◆ **Task brief**:
Exact copy, no pictures: return only the lines below from the line with "[No Ad Interruptions]" up to and including the line with "22 марта 2023 г. смотреть онлайн".

◆ **Dataset entries**:
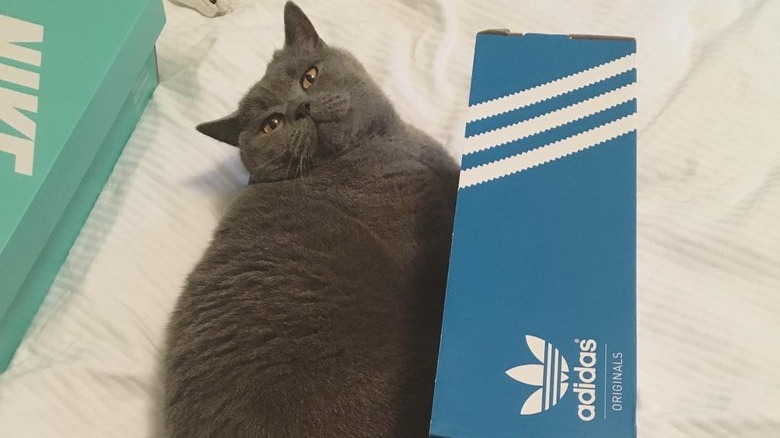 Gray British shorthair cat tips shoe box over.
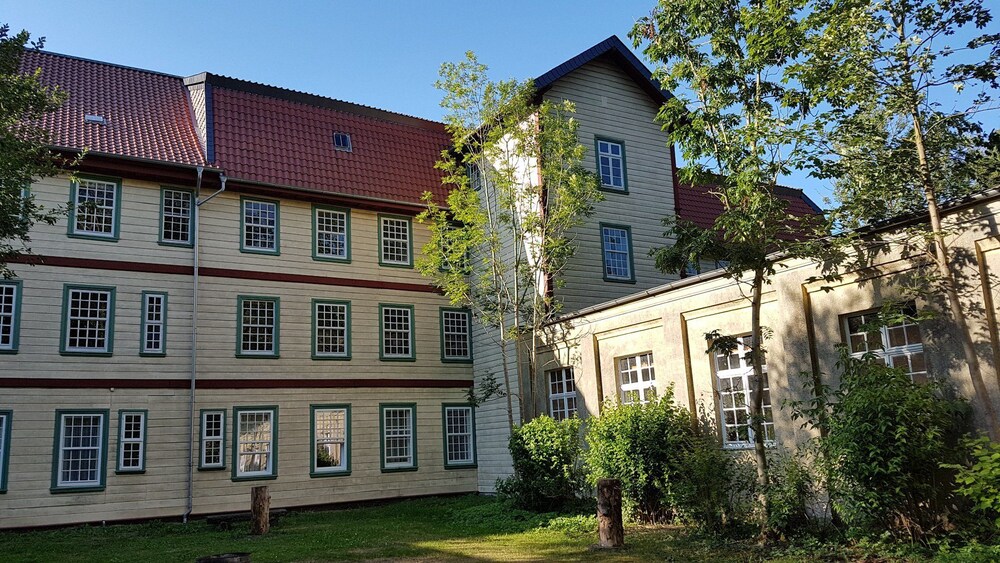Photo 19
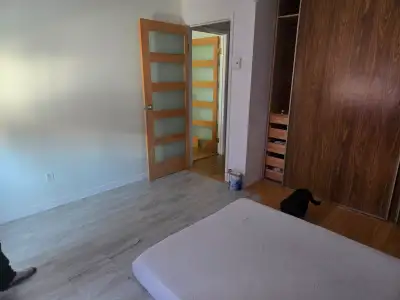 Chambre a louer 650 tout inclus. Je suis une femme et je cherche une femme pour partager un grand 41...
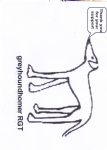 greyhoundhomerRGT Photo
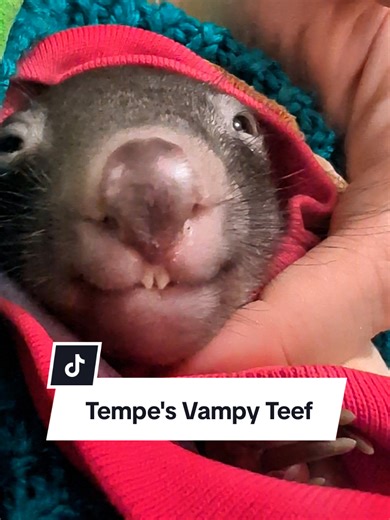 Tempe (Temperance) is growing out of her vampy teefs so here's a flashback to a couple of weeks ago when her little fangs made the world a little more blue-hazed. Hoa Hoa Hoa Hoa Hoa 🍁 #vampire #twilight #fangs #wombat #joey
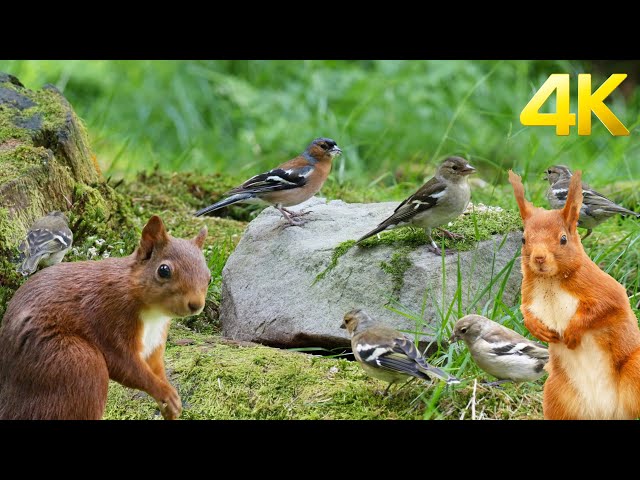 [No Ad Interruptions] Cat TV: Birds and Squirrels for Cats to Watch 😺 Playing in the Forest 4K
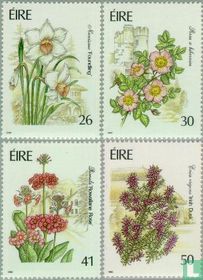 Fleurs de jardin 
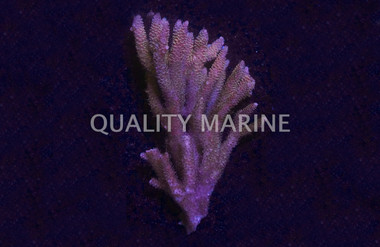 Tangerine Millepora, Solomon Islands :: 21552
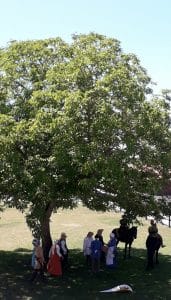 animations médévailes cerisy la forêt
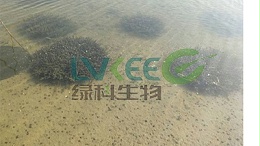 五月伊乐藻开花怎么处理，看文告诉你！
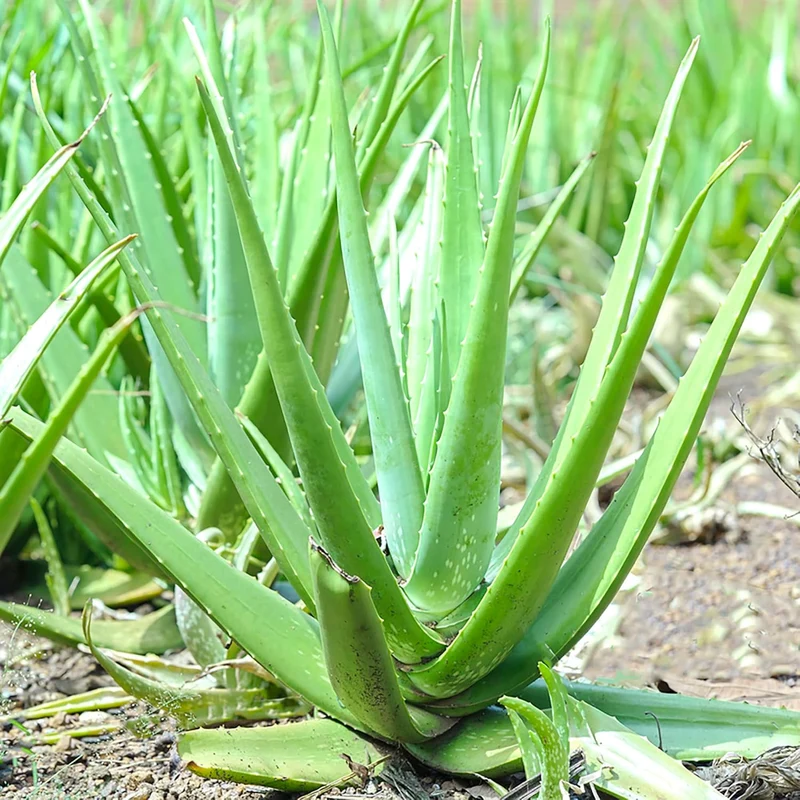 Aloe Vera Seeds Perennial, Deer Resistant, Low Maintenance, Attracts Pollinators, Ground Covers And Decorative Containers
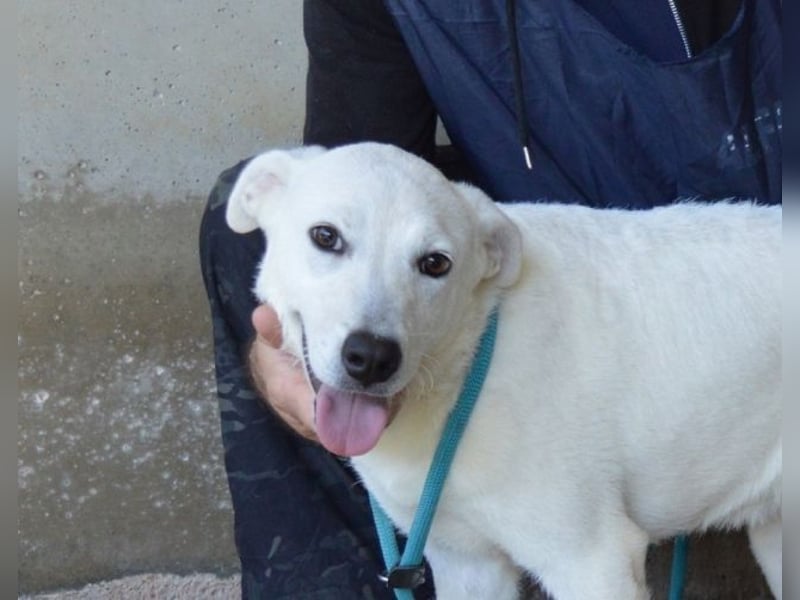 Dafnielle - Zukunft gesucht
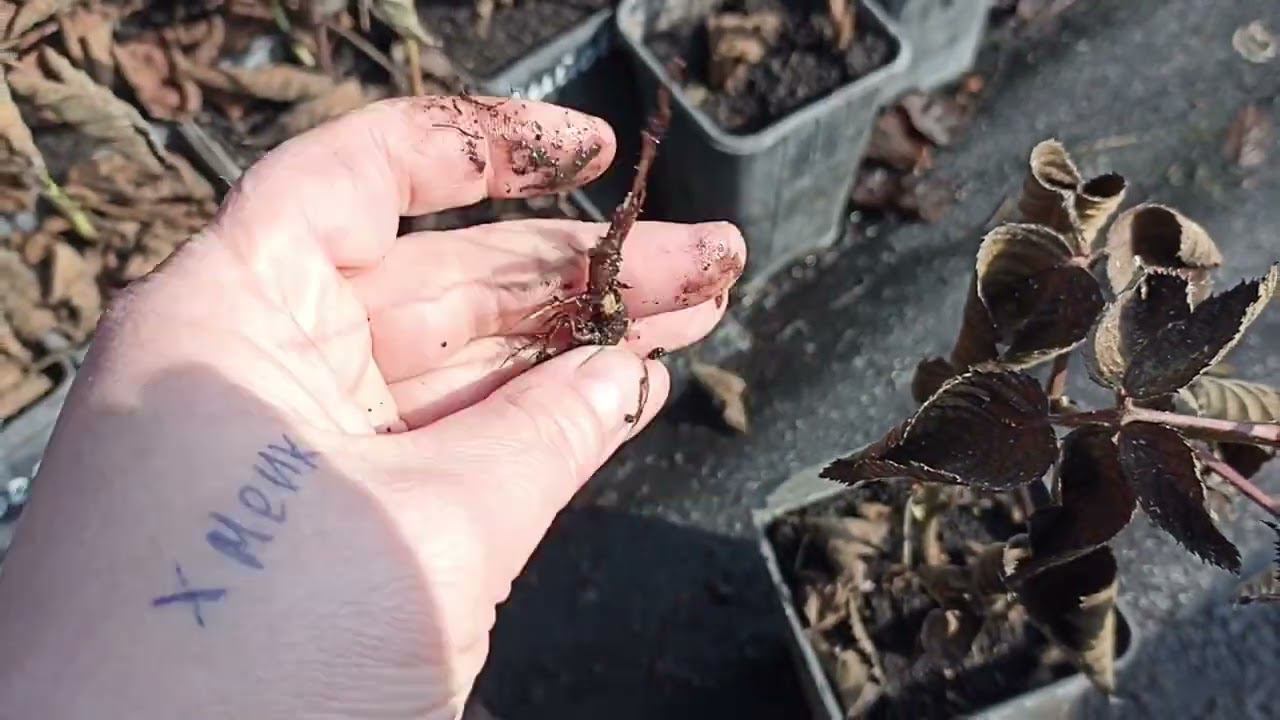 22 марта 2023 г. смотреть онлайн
--
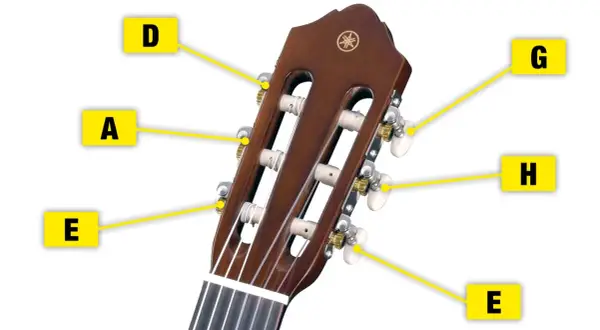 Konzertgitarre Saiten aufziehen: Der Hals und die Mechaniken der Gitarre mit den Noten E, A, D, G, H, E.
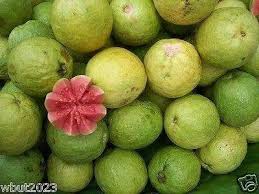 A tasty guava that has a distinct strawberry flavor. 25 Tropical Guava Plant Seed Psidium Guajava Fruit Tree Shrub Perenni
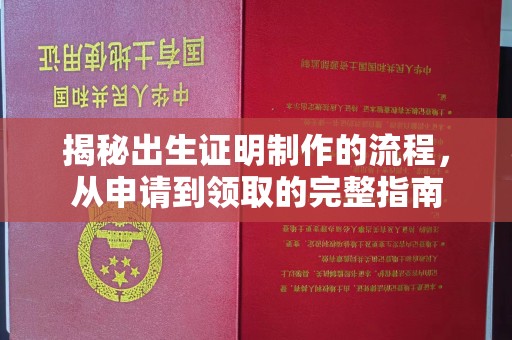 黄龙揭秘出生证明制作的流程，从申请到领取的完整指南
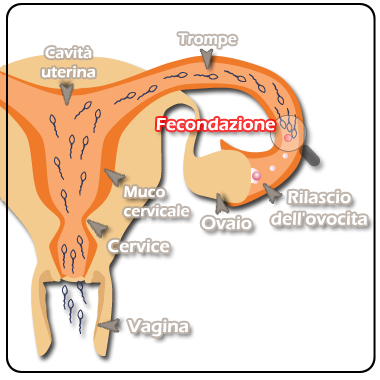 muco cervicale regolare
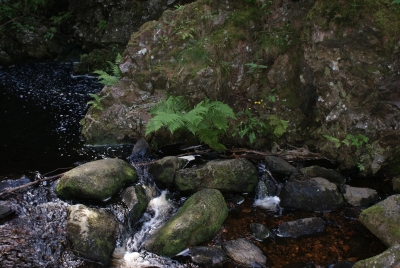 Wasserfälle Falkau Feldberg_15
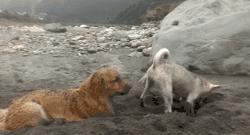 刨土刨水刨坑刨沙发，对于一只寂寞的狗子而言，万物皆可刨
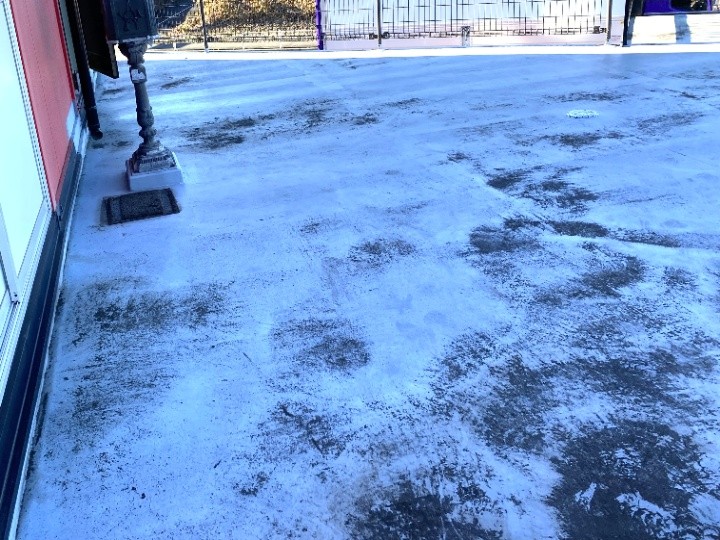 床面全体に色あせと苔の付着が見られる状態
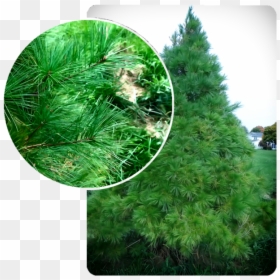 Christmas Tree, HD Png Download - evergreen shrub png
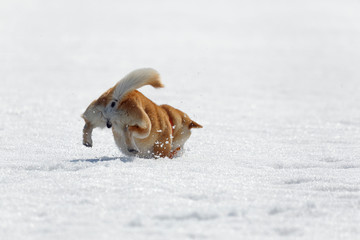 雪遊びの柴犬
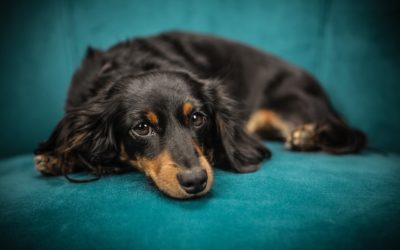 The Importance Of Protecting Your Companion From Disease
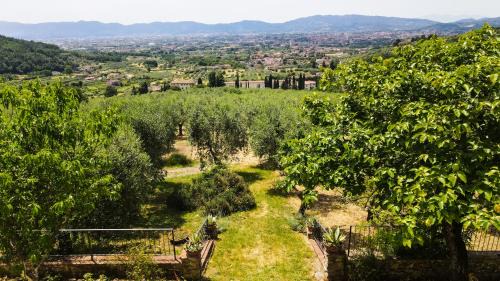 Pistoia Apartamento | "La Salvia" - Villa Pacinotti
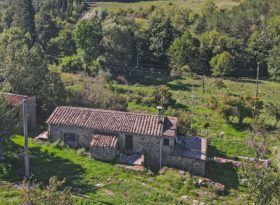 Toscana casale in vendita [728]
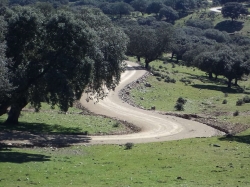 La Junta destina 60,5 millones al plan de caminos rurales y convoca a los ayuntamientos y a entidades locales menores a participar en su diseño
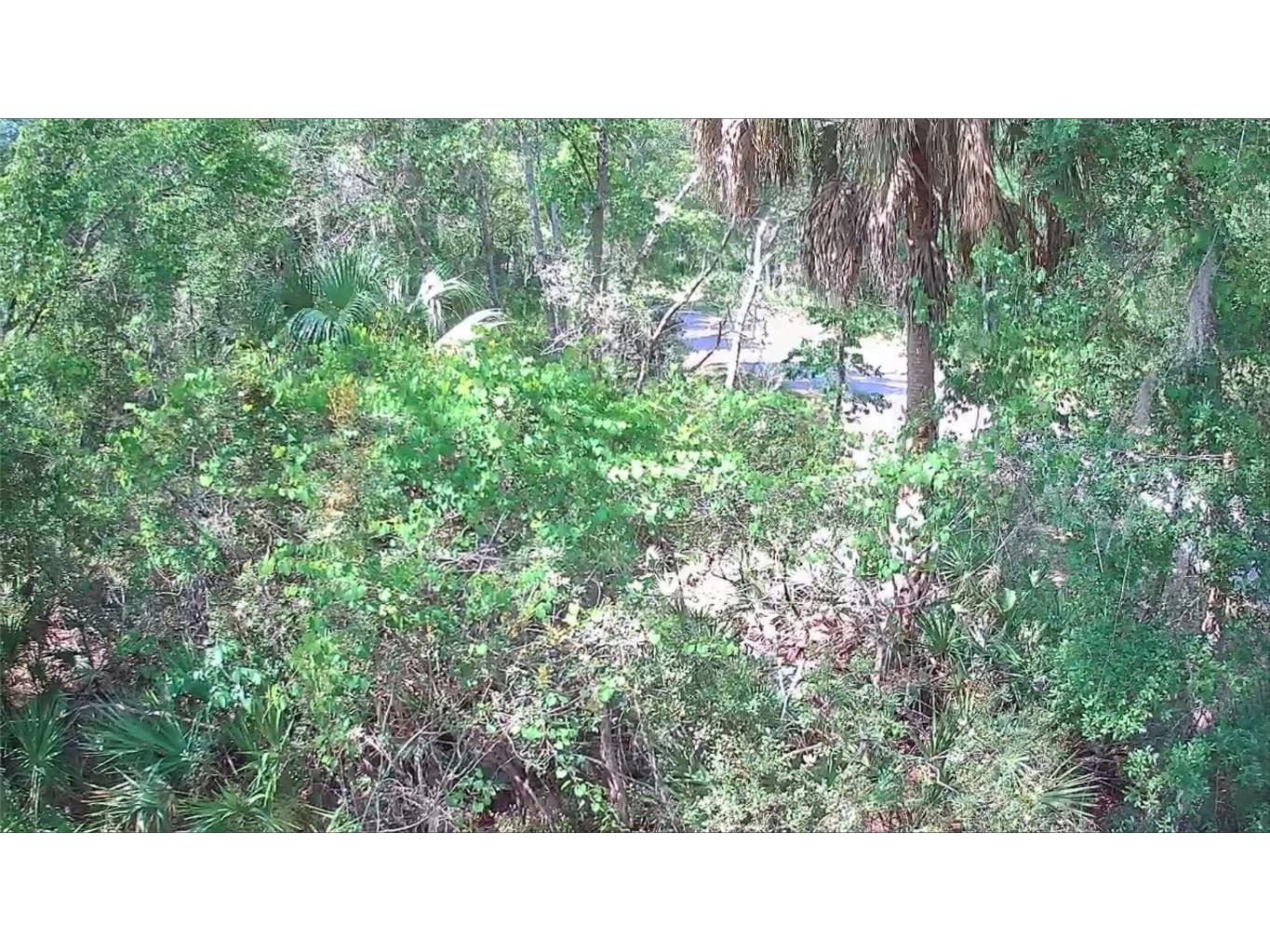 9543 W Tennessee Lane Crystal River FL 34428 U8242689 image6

◆ **Answer area**:
 [No Ad Interruptions] Cat TV: Birds and Squirrels for Cats to Watch 😺 Playing in the Forest 4K
 Fleurs de jardin 
 Tangerine Millepora, Solomon Islands :: 21552
 animations médévailes cerisy la forêt
 五月伊乐藻开花怎么处理，看文告诉你！
 Aloe Vera Seeds Perennial, Deer Resistant, Low Maintenance, Attracts Pollinators, Ground Covers And Decorative Containers
 Dafnielle - Zukunft gesucht
 22 марта 2023 г. смотреть онлайн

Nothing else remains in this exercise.